The kickstart script has the following …

%post --interpreter=busybox
wget -O /dev/null <%= foreman_url(‘built’) %>
echo “Done with Foreman call”

… which if I understand correctly, tells Foreman the host has been built, triggering the before_provision hook script to change the PXE Loader to None …

if [[ $system_operatingsystem_name == ESXi* ]] && [[ $system_pxe_loader == “mboot UEFI” ]]; then
echo “ESXi in UEFI mode detected. Changing PXE Loader to None”
hammer -u admin -p password host update --id $system_id --pxe-loader ‘None’
fi

… and this process works - most of the time. But I get the odd occasion where it doesn’t and the host enters a “build loop”.

Plus its random and maybe occurs 5-10% of the time. Any ideas on how to troubleshoot this would be much appreciated.

Thanks.

lzap · November 29, 2018, 8:36am

Using hooks to do DB updates is a terrible idea, you have a race condition. Don’t to that.

tlauwk · November 29, 2018, 2:29pm

Forgive the noobie question but I’m not sure what you mean by …

To get the host to boot into the esxi installation on local disk, the before_provision hook script is required as indicated by the doco (3.7):

https://theforeman.org/2018/08/deploying-esxi-through-foreman.html

Unless I’m not understanding correctly on how it all ties together.

Thanks.

lzap · December 3, 2018, 9:03am

Well, this one is still a hack.

You need to dig out why the call failed, go into logs and check out what HTTP status value it returned, maybe enable debug level to see more. This can be also a network issue (timeout), try increasing timeout for curl/wget and also report error if wget returns non-zero (maybe try it 10 times).

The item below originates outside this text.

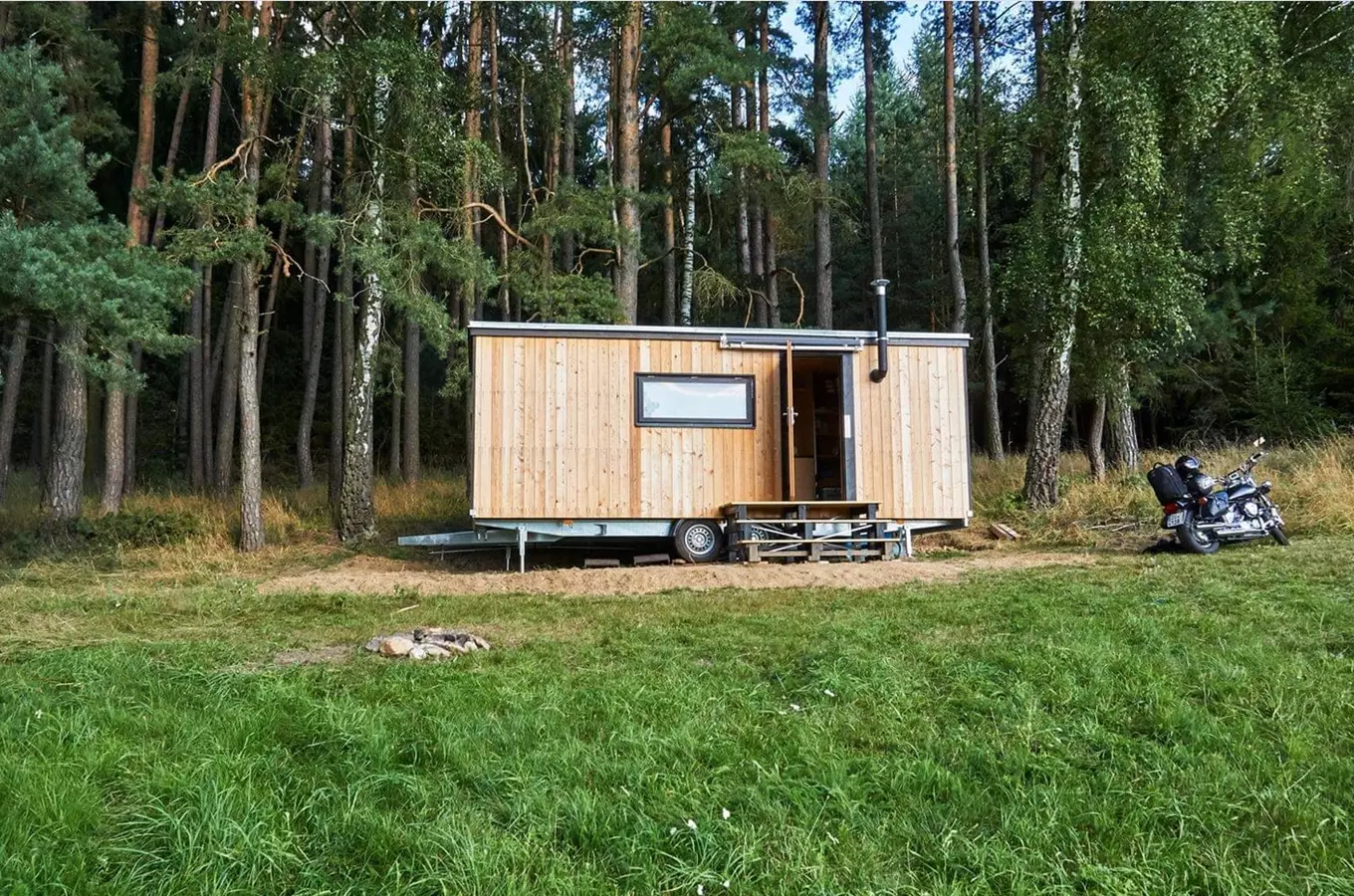 Včelíny Želiv – glamping v maringotce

One thing - we default to single passenger instance by default, if your server has only one passenger processing the request (thus this hook) and you call hammer, the app server will start launching another worker which takes time (20-80 seconds). Your call may expire, thus I recommend to set minimum amount of passengers to some reasonable value to always have a spare worker which can process your request. Configure this via --foreman-passenger-min-instances option, I recommend at least two but for busy server this might be more. Keep in mind that each worker can eat up to 1 GB of memory.